Endangered Species Chocolate
Your chocolate addiction is actually good for you, and now it’s good for the environment, too. The Endangered Species Chocolate company donates 10% of its net profits to an endangered species foundation. They’ve given over $1.4 million to organizations like Rainforest Trust and the Wildlife Conservation Network. Plus, their bars are non-GMO, high quality and fair trade.
Committed to being more eco-friendly this year? Check out these ten easy ways to go green in your kitchen.

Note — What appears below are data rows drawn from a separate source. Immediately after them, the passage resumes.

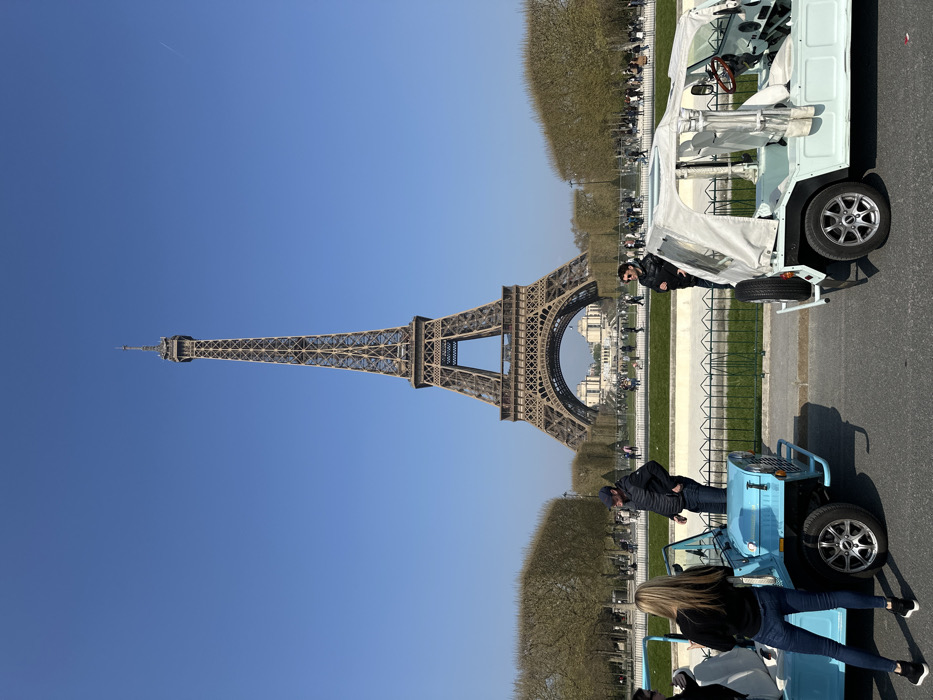 The image depicts the Eiffel Tower, located in Paris, France, viewed from the Champ de Mars looking south. The tower is centrally positioned under a clear blue sky, with the École Militaire discernible through its base in the far distance. In the foreground, two small, open-top utility vehicles, consistent with Moke-style cars, are parked on a paved surface. The vehicle on the left is light blue, and the one on the right is a light mint green with an off-white canvas roof.
Three individuals are present in the foreground near these vehicles. A woman with long blonde hair, wearing a dark long-sleeved top, blue jeans, and dark sneakers, stands with her back to the camera next to the light blue car. A man in a dark jacket, blue jeans, and a dark baseball cap stands next to the driver's side of the light blue car, facing right. Another man, wearing a dark jacket and sunglasses, stands beside the mint green car, facing left.
A low black metal fence separates the paved area from a expansive green lawn, flanked by numerous bare deciduous trees, indicating a cooler season. Numerous pedestrians are visible walking across the park grounds and around the base of the Eiffel Tower in the middle ground.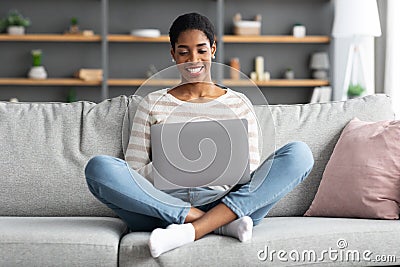 Freelance Career. Young Smiling Black Lady Working With Laptop At Home Stock Photo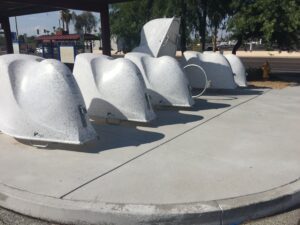 Large white whale sculptures displayed outdoors on a concrete platform.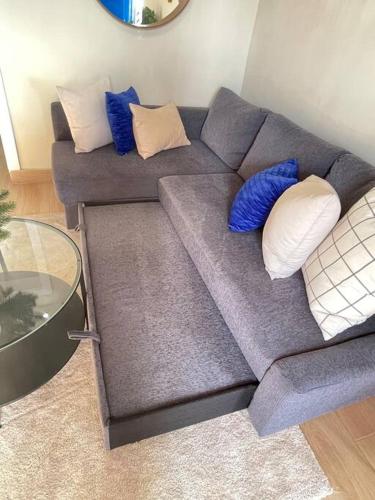 a couch with pillows on it in a living room at Acogedora partamento cerca de la embajada in Santo Domingo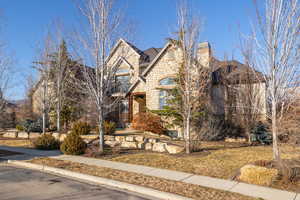 French country inspired facade featuring stone siding, a mountain view, and roof with shingles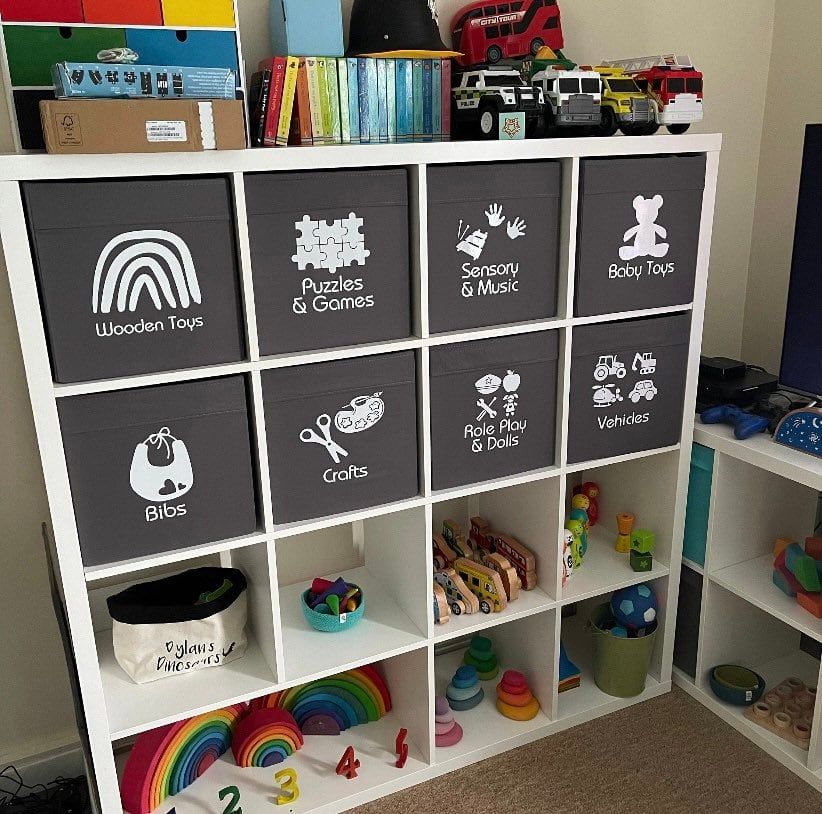 Grey cube storage boxes with white picture labels for wooden toys, puzzles, crafts and vehicles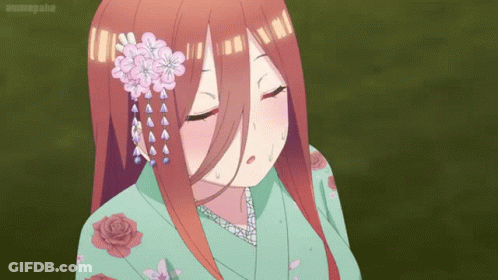 A Girl In A Green Kimono With Flowers In Her Hair GIF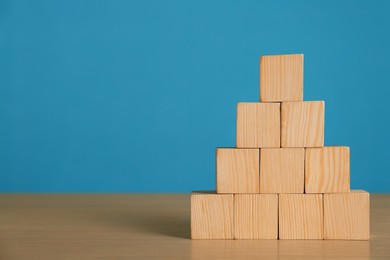 Photo of Pyramid of blank cubes on wooden table against light blue background. Space for text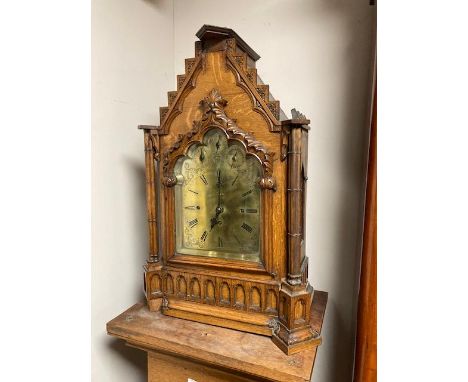 A late nineteenth century Gothic revival oak bracket clock, with Westminster eight bell chime, brass dial standing on pedesta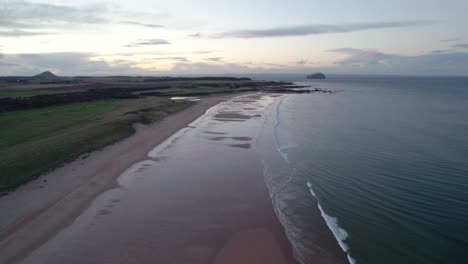 Drohnenaufnahmen-Hoch-über-Einem-Langen-Sandstrand-Bei-Sonnenuntergang-Mit-Blick-Auf-Den-Plätschernden-Ozean,-Während-Die-Flut-Sanft-Die-Küste-Umspült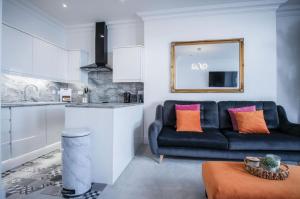 Caldey View - Luxury 2 Bedroom - Panorama - Tenby في تينبي: غرفة معيشة مع أريكة ومطبخ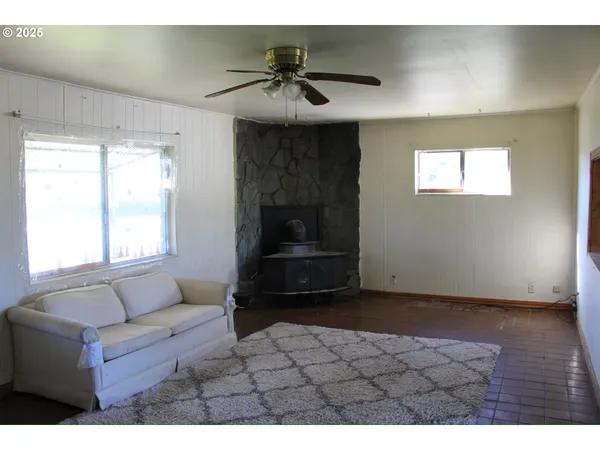 a kitchen with stainless steel appliances granite countertop a refrigerator a stove and a sink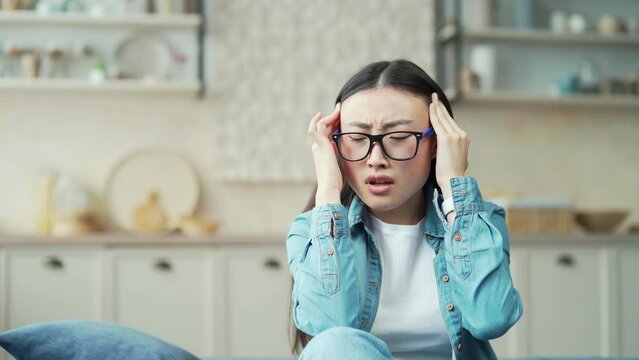 Close-up of young asian woman feeling headache while sitting on sofa in living room Tired female wearing glasses and casual clothes is giving herself a head and bridge of nose massage with closed eyes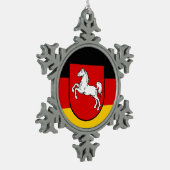 ザクセン地方のスノーフレーク・ピュータークリスマス国旗または スノーフレークピューターオーナメント (左)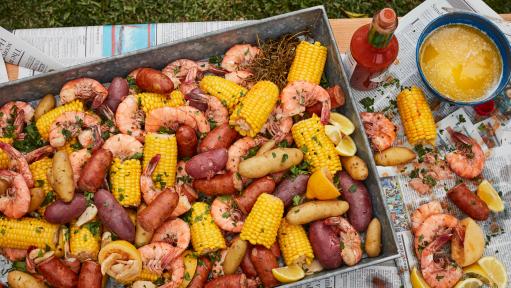 https://food.fnr.sndimg.com/content/dam/images/food/fullset/2019/5/14/0/FNK_CLASSIC-OUTDOOR-SHRIMP-BOIL-H_s4x3.jpg.rend.hgtvcom.511.288.suffix/1557848724223.jpeg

The all-organic, all-natural tea company Numi Tea started the H2OPE project after seeing how their turmeric farmers in Madagascar suffered from a lack of a clean water supply. Since the project’s inception, they’ve provided 23 wells across 13 villages in Madagascar, serving 4,000 people. They’ve taken the success of the operation to launch H2OPE in India, working with Women’s Earth Alliance to provide clean, sustainable drinking water to 6,500 people.
Dave’s Killer Bread
Dave’s Killer Bread operates under the motto “Buy a loaf, change a life.” That’s because the company was started to fund Second Chance Employment, which works to reduce the stigma of formerly incarcerated job candidates and to encourage hiring businesses to give these candidates a “second chance.” Of their 300 employees, one in three at Dave’s Killer Bread has faced criminal charges.
Love with Food
Love with Food is a snack-subscription service that delivers out healthy and high-quality snacks. They have paired with Feeding America, and with each box that’s sent out, a meal is donated to a family in need. Since 2012, they’ve donated over one million meals.